Network of All-Boys Public Schools Growing

NEW YORK (AP) —
Students in between classes at Eagle Academy in the Bronx, NYC’s first all-boys public school in more than 30 years. (AP Photo/Seth Wenig)
Students in between classes at Eagle Academy in the Bronx, NYC’s first all-boys public school in more than 30 years. (AP Photo/Seth Wenig)

Once seen by the secular public as male chauvinist and outdated, the all-male educational model had been resurrected to serve New York City’s poorest boys, a group feared more likely to go to prison than college.

The Eagle Academy for Young Men was the city’s first all-boys public school in more than 30 years when it opened in the Bronx nine years ago.

“It’s a movement to try and save our sons,” said David C. Banks, the founding principal of the first Eagle Academy. He just opened his fifth Eagle Academy, in Harlem, and hopes to open two more New York City schools for a total of seven, serving 4,000 students, all in high-poverty areas.

The Eagle Academies have shown above-average results. The four-year graduation rate for the Bronx Eagle Academy in 2012 was 67.5 percent. The citywide average that year was 64.7 percent but only 59.9 percent for boys.

Banks said the school’s performance comes despite a challenging student body: virtually all black or Hispanic, most from low-income families and a higher-than-average special needs population. And, of course, all male.

He says he has been invited to start Eagle Academies in other cities in the U.S. and beyond but would prefer to help others start their own all-boys schools. “The demand is international,” he said.

Single-gender education has long been available to religious or wealthy children in private schools but it remains controversial in public schools.
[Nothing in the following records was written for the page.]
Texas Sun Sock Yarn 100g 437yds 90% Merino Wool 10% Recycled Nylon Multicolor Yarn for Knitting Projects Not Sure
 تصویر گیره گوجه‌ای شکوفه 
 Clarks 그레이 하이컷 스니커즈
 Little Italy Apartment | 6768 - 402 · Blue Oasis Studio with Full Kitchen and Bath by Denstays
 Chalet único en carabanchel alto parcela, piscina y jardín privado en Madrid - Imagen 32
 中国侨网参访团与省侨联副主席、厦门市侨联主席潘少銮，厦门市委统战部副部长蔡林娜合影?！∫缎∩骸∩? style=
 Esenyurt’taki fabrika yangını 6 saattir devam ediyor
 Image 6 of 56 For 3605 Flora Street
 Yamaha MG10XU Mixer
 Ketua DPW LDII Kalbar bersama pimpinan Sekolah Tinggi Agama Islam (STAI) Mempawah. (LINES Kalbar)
The ACLU argues in its “Teach Kids, Not Stereotypes” campaign that efforts to separate boys and girls in the classroom are often rooted in outdated gender stereotypes.

But even Michael Kimmel, a Stony Brook University sociologist whose work on gender studies has been cited by the ACLU, said evidence supports schools for at-risk boys such as Eagle Academy. “They are obviously doing some real good,” he said.

Like the British boarding schools it was modeled on, Eagle Academies are divided into four houses — Obama House, Malcolm X House, Roberto Clemente House and Che Guevara House.

“I feel proud I’m in Obama House, the first black president of the United States,” eighth-grader Elijah Landsman said. “Right now Obama’s in the lead [in collecting community service points], I’d just like to say that.”